Human papilloma viruses (HPV) are the main trigger for cervical cancer (cervical cancer). Nevertheless, the HPV test is not part of the statutory early detection program, not least because there are doubts about its informative value and it cannot replace the so-called PAP test (special smear test) as a test method, reports the cancer information service of the German Cancer Research Center (DKFZ) in Heidelberg . Women who still want to have an HPV test usually have to pay for it themselves. "Whether the detection of human papillomavirus could not be used sensibly for the early detection of cervical cancer" is currently being examined again, according to the Cancer Information Service.

Some health insurance companies are already paying for an HPV test under certain conditions, although this is not one of the legally required early detection examinations. Mostly, the test is offered by gynecologists as an Individual Health Service (IGeL), for which up to 70 euros are due. In case of doubt, even a positive result says little about the cancer risk. Because HPV infections are not uncommon and they do not necessarily have to lead to cervical cancer. According to experts from the German Society for Gynecology and Obstetrics, the test can still make an important contribution to early cancer detection and prevention under certain conditions. According to the Cancer Information Service, the Institute for Quality and Efficiency in Health Care (IQWiG) has also identified indications that women can benefit from an HPV test as part of early cancer detection. However, no recommendations for a specific investigation strategy can be derived from the available research results.

Positive HPV test alone with little informative value According to the Cancer Information Service, a positive result of the HPV test has "currently no relevance for early detection in healthy women with normal findings in the smear test." Because this does not reveal whether the infection is only temporary is or threaten tissue changes in the long term. Especially for women under the age of 30, the test result is not very meaningful, since "a result that is positive today can be negative shortly afterwards". Infection is also easily possible after the test, so that it does not offer any reliable information. In addition, no immediate therapeutic measures can be derived from the test, since no drugs are known to treat the viruses. It is only possible to treat these if tissue changes actually form. Here, the HPV test can possibly provide important information for early detection and thus make treatment significantly easier. Even after surgery for cervical cancer, regular HPV tests are useful to monitor the success of the treatment.
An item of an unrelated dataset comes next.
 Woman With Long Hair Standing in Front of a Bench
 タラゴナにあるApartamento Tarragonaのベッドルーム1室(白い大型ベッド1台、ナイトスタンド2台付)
Health insurance companies pay for the HPV test under certain conditions. Although there is currently no provision for the HPV test to be fully covered by the statutory health insurers, the health insurance companies already bear the costs for the examination under certain conditions. According to the Cancer Information Service, this applies, for example, "if the doctor finds abnormal cells during the examination that cannot be clearly assessed." Here, the test helps "to clarify the findings more precisely and to determine further treatment." The health insurance companies also pay HPV test "for patients who have had surgery for a cervical tumor or pre-cancer," reports the cancer information service. However, the German Society for Gynecology and Obstetrics generally recommends the HPV test for women from the age of 30, as they are at an increased risk that the pathogens remain in the body longer and thus cause cell changes. If the test turns out to be negative, so no pathogens can be detected, the women may have to “no longer annually, but possibly only after two to five years for the next cervical cancer screening,” according to the Cancer Information Service. So far, however, the health insurers have not been able to assume the costs.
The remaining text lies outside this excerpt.